SUPPLIED DATA section start

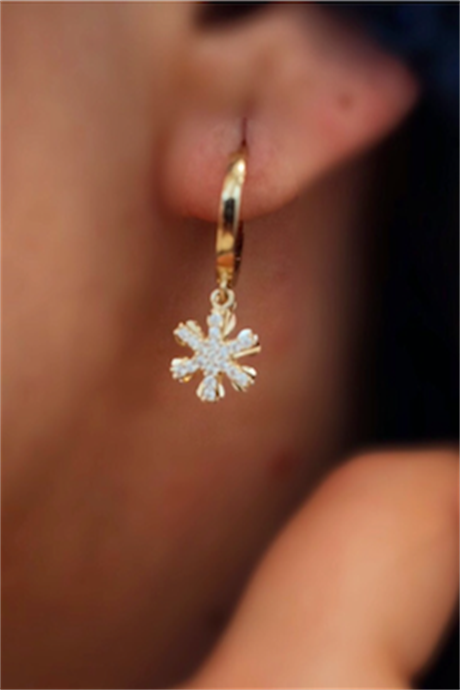 Solid Gold Snowflake Earring | 14K (585) | 2.83 gr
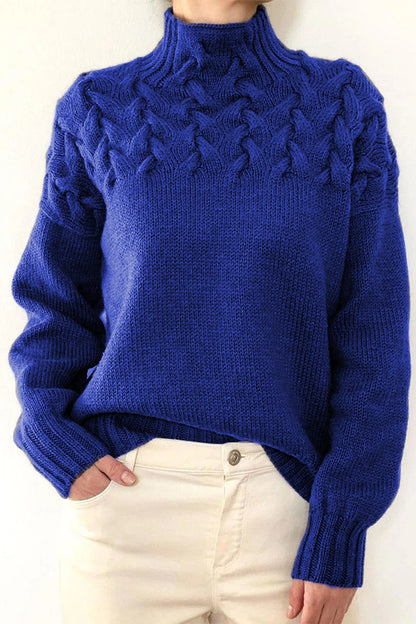 Elarova | Lässiger Einfarbiger Strickpullover mit Rollkragen 11 Farben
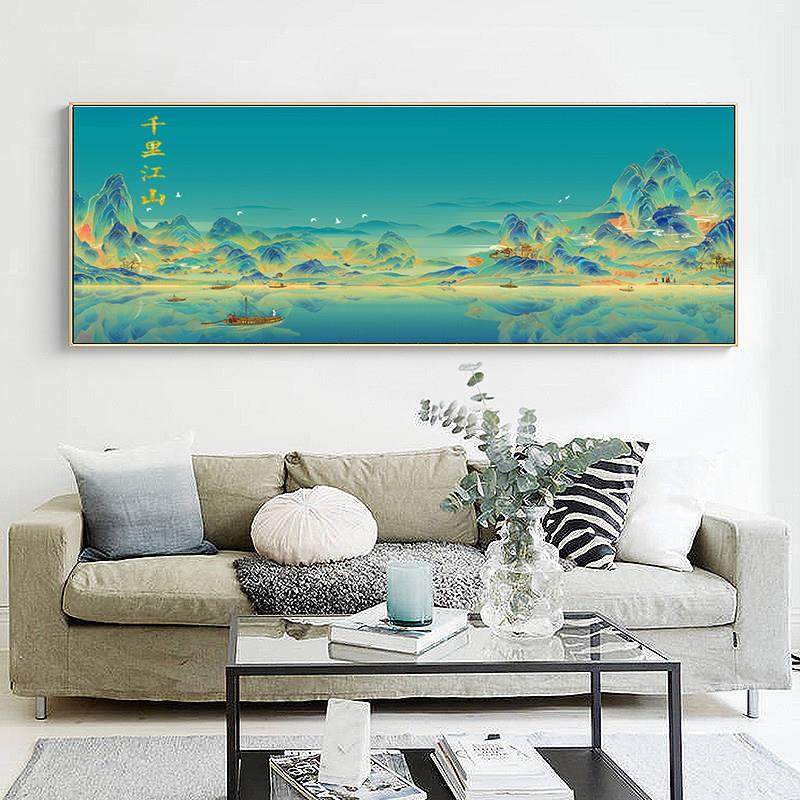 钻石画千里江山图5d钻2022新款满客厅风景山水砖石画十字绣2023,淘宝优惠券,粉丝福利购,淘宝优惠卷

SUPPLIED DATA section end

ASSIGNED TASK: Reproduce the material exactly; omit the pictures.

TASK RESULT:
 Solid Gold Snowflake Earring | 14K (585) | 2.83 gr
 Elarova | Lässiger Einfarbiger Strickpullover mit Rollkragen 11 Farben
 钻石画千里江山图5d钻2022新款满客厅风景山水砖石画十字绣2023,淘宝优惠券,粉丝福利购,淘宝优惠卷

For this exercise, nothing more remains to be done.